◆ **Given data**

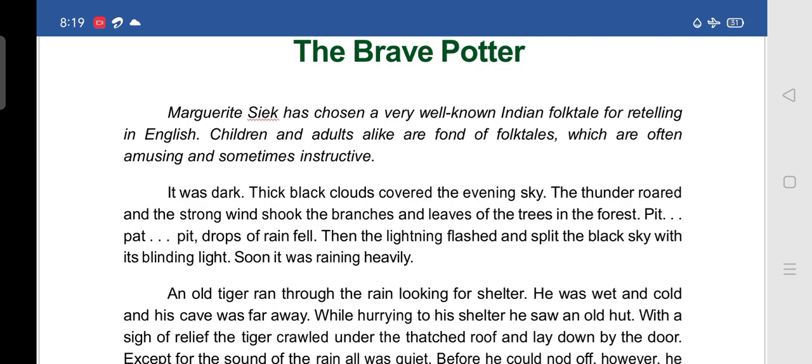Thunder means the sounds we hear from the sky during rain. The strong wind shook the branches and leaves of the trees in the forest. 'Pit-pat' refers to the rhythm of raindrops falling. The lightning flashed and split the black sky with its blinding light — meaning very bright light.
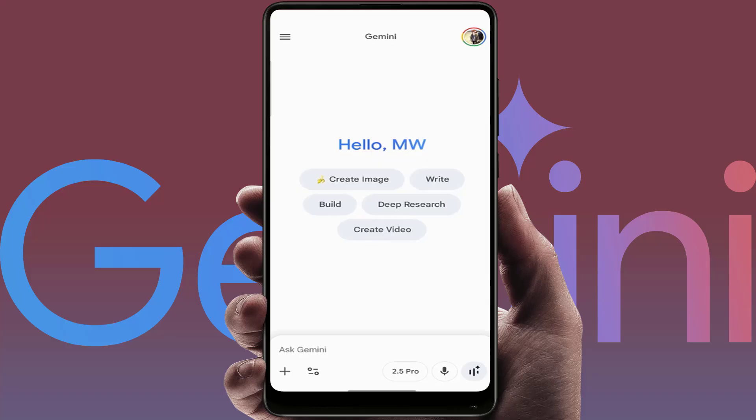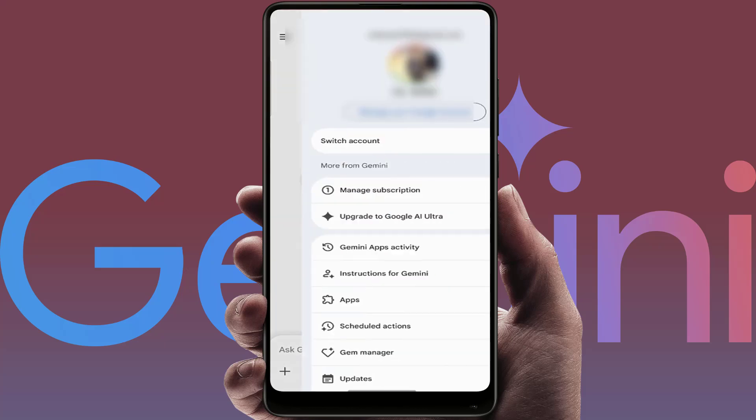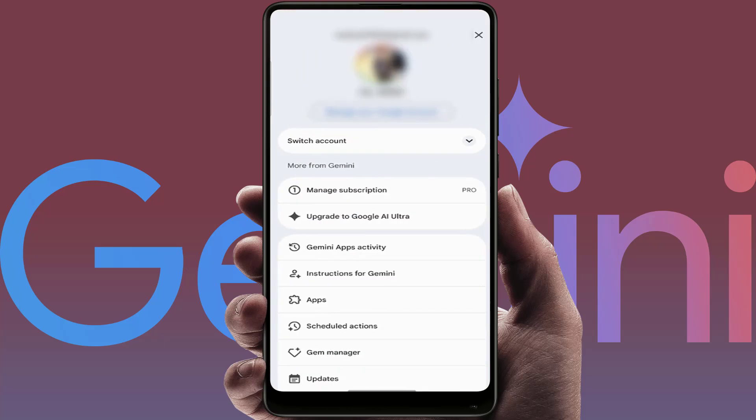If you want to check which plan you have subscribed, you can follow this easy and simple method. I am showing this on my phone. Just login with your account and tap on your profile picture. Here you can get the option 'Manage Subscription', so just tap on it.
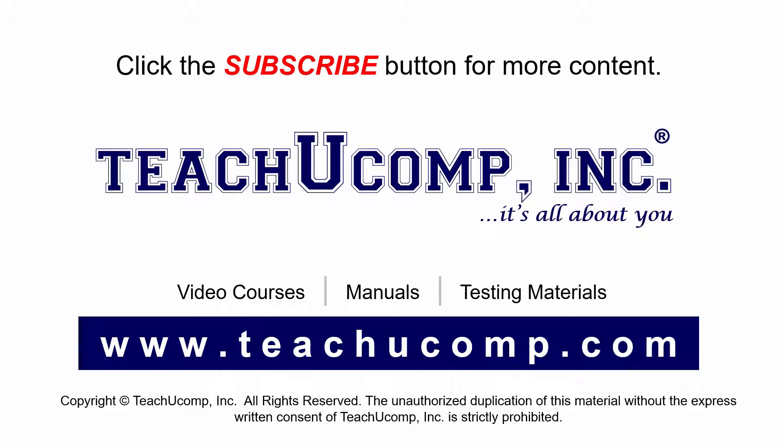Remember to click the Subscribe button to see more of our videos. Get ad-free courses at teachucomp.com. Thank you.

◆ **Work task**
From the first line to the last, write out the data above exactly. Omit the pictures.

◆ **Exercise answer**
Thunder means the sounds we hear from the sky during rain. The strong wind shook the branches and leaves of the trees in the forest. 'Pit-pat' refers to the rhythm of raindrops falling. The lightning flashed and split the black sky with its blinding light — meaning very bright light.
If you want to check which plan you have subscribed, you can follow this easy and simple method. I am showing this on my phone. Just login with your account and tap on your profile picture. Here you can get the option 'Manage Subscription', so just tap on it.
Remember to click the Subscribe button to see more of our videos. Get ad-free courses at teachucomp.com. Thank you.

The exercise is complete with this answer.